▶ TASK REQUIREMENTS
A word-for-word transcription of the whole listing is required.
*** Opening RECORDS FOR THIS EXERCISE ***
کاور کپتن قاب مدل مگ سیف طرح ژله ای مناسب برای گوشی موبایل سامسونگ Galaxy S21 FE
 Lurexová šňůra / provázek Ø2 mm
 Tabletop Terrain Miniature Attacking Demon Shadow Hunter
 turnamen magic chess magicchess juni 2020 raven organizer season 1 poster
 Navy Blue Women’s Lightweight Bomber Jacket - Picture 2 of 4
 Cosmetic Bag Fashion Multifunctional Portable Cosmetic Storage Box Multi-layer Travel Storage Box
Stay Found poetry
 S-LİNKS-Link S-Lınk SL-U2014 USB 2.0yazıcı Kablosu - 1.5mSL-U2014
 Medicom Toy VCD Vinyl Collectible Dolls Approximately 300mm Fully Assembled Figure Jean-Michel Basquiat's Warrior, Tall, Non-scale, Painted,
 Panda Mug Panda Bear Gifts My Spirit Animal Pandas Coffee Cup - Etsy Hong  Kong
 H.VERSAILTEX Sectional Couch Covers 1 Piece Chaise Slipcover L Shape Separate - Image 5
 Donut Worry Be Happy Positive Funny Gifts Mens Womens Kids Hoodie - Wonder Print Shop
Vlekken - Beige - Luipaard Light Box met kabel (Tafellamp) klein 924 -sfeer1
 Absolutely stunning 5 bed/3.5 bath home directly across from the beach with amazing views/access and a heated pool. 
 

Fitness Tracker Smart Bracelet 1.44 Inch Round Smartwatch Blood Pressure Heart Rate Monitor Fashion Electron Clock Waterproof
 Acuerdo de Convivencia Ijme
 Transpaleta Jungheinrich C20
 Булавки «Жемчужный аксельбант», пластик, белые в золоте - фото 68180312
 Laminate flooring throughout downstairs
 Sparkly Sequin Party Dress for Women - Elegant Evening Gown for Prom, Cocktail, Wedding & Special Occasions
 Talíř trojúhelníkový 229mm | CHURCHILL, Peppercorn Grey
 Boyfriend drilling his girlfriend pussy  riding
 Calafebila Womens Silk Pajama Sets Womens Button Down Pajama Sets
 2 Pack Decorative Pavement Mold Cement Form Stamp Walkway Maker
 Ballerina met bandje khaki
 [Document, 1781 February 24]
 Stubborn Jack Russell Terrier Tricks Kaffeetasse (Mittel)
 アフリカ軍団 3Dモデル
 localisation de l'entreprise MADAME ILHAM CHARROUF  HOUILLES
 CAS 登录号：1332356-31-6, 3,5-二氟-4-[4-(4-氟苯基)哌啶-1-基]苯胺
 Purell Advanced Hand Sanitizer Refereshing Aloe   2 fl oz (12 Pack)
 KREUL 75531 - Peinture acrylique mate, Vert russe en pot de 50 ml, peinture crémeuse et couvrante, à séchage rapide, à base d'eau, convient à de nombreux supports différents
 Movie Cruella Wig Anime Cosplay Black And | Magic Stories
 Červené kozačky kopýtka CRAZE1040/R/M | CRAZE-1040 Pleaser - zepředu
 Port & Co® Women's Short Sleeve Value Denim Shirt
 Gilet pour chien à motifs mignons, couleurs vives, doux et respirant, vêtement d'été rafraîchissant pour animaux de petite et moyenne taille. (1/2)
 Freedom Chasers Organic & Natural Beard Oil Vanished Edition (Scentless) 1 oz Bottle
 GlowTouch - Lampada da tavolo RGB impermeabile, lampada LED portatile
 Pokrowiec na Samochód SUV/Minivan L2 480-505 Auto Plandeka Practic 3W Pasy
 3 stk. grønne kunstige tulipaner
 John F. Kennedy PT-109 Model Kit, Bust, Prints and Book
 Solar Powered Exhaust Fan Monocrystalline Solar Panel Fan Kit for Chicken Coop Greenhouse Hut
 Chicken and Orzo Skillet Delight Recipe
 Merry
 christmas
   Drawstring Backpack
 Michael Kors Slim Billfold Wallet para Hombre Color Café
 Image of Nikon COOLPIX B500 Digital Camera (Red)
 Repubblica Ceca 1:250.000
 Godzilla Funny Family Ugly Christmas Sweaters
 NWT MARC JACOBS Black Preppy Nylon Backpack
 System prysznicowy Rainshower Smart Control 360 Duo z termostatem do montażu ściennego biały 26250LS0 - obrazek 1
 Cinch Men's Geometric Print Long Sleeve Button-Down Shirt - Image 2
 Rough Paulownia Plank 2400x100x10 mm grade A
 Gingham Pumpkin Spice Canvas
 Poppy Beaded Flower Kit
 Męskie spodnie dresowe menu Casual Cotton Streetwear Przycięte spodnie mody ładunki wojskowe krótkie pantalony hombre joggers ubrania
*** Closing RECORDS FOR THIS EXERCISE ***
▶ RESPONSE BOX
کاور کپتن قاب مدل مگ سیف طرح ژله ای مناسب برای گوشی موبایل سامسونگ Galaxy S21 FE
 Lurexová šňůra / provázek Ø2 mm
 Tabletop Terrain Miniature Attacking Demon Shadow Hunter
 turnamen magic chess magicchess juni 2020 raven organizer season 1 poster
 Navy Blue Women’s Lightweight Bomber Jacket - Picture 2 of 4
 Cosmetic Bag Fashion Multifunctional Portable Cosmetic Storage Box Multi-layer Travel Storage Box
Stay Found poetry
 S-LİNKS-Link S-Lınk SL-U2014 USB 2.0yazıcı Kablosu - 1.5mSL-U2014
 Medicom Toy VCD Vinyl Collectible Dolls Approximately 300mm Fully Assembled Figure Jean-Michel Basquiat's Warrior, Tall, Non-scale, Painted,
 Panda Mug Panda Bear Gifts My Spirit Animal Pandas Coffee Cup - Etsy Hong  Kong
 H.VERSAILTEX Sectional Couch Covers 1 Piece Chaise Slipcover L Shape Separate - Image 5
 Donut Worry Be Happy Positive Funny Gifts Mens Womens Kids Hoodie - Wonder Print Shop
Vlekken - Beige - Luipaard Light Box met kabel (Tafellamp) klein 924 -sfeer1
 Absolutely stunning 5 bed/3.5 bath home directly across from the beach with amazing views/access and a heated pool. 
 

Fitness Tracker Smart Bracelet 1.44 Inch Round Smartwatch Blood Pressure Heart Rate Monitor Fashion Electron Clock Waterproof
 Acuerdo de Convivencia Ijme
 Transpaleta Jungheinrich C20
 Булавки «Жемчужный аксельбант», пластик, белые в золоте - фото 68180312
 Laminate flooring throughout downstairs
 Sparkly Sequin Party Dress for Women - Elegant Evening Gown for Prom, Cocktail, Wedding & Special Occasions
 Talíř trojúhelníkový 229mm | CHURCHILL, Peppercorn Grey
 Boyfriend drilling his girlfriend pussy  riding
 Calafebila Womens Silk Pajama Sets Womens Button Down Pajama Sets
 2 Pack Decorative Pavement Mold Cement Form Stamp Walkway Maker
 Ballerina met bandje khaki
 [Document, 1781 February 24]
 Stubborn Jack Russell Terrier Tricks Kaffeetasse (Mittel)
 アフリカ軍団 3Dモデル
 localisation de l'entreprise MADAME ILHAM CHARROUF  HOUILLES
 CAS 登录号：1332356-31-6, 3,5-二氟-4-[4-(4-氟苯基)哌啶-1-基]苯胺
 Purell Advanced Hand Sanitizer Refereshing Aloe   2 fl oz (12 Pack)
 KREUL 75531 - Peinture acrylique mate, Vert russe en pot de 50 ml, peinture crémeuse et couvrante, à séchage rapide, à base d'eau, convient à de nombreux supports différents
 Movie Cruella Wig Anime Cosplay Black And | Magic Stories
 Červené kozačky kopýtka CRAZE1040/R/M | CRAZE-1040 Pleaser - zepředu
 Port & Co® Women's Short Sleeve Value Denim Shirt
 Gilet pour chien à motifs mignons, couleurs vives, doux et respirant, vêtement d'été rafraîchissant pour animaux de petite et moyenne taille. (1/2)
 Freedom Chasers Organic & Natural Beard Oil Vanished Edition (Scentless) 1 oz Bottle
 GlowTouch - Lampada da tavolo RGB impermeabile, lampada LED portatile
 Pokrowiec na Samochód SUV/Minivan L2 480-505 Auto Plandeka Practic 3W Pasy
 3 stk. grønne kunstige tulipaner
 John F. Kennedy PT-109 Model Kit, Bust, Prints and Book
 Solar Powered Exhaust Fan Monocrystalline Solar Panel Fan Kit for Chicken Coop Greenhouse Hut
 Chicken and Orzo Skillet Delight Recipe
 Merry
 christmas
   Drawstring Backpack
 Michael Kors Slim Billfold Wallet para Hombre Color Café
 Image of Nikon COOLPIX B500 Digital Camera (Red)
 Repubblica Ceca 1:250.000
 Godzilla Funny Family Ugly Christmas Sweaters
 NWT MARC JACOBS Black Preppy Nylon Backpack
 System prysznicowy Rainshower Smart Control 360 Duo z termostatem do montażu ściennego biały 26250LS0 - obrazek 1
 Cinch Men's Geometric Print Long Sleeve Button-Down Shirt - Image 2
 Rough Paulownia Plank 2400x100x10 mm grade A
 Gingham Pumpkin Spice Canvas
 Poppy Beaded Flower Kit
 Męskie spodnie dresowe menu Casual Cotton Streetwear Przycięte spodnie mody ładunki wojskowe krótkie pantalony hombre joggers ubrania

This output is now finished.